A little over a week ago, I wondered whether the world needed tablets that were significantly less costly and significantly less fancy than the iPad and its most prominent rivals. A couple of commenters said that such a beast already existed: Barnes & Noble’s Nook Color e-reader. They had a point. At $249, B&N’s Android-based tablet is half the price of the cheapest iPad. Its 7″ color screen and industrial design are quite nice, but it doesn’t have a 1-GHz dual-core processor or  cameras or gobs of storage (it has a merely adequate 8GB) or 3G or other features which are becoming de facto accouterments on higher-end models.

Of course, Barnes & Noble has never pitched the Nook Color as an iPad killer. It calls it a “reader’s tablet,” and it gave the device a modified version of Android that doesn’t have the standard Android interface or access to the Android Marketplace.
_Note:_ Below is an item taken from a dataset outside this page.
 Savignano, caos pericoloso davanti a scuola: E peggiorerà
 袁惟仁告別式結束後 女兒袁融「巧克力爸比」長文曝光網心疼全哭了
It’s Amazon.com’s cheaper, E-Ink-sporting Kindle that’s been in B&N’s crosshairs.

But when the company released the Nook Color last year, it did say it was working on an app marketplace of its own–a move that would make the Nook Color a little less of a dedicated e-reader and a little more of a general-purpose device. (Already, some geeky buyers had rooted their Nooks to turn them into standard Android tablets.) Today, B&N is launching that marketplace–which is a new section in the shopping area where it already sells books and magazines–as part of the Nook Color’s version 1.2 upgrade. And while it’s sticking with the “reader’s tablet” idea and saying it’ll focus on reading materials and complementary items, it’s also saying that it’s listened to consumers who think that a $249 Nook Color has a place as an alternative to pricier, more powerful tablets.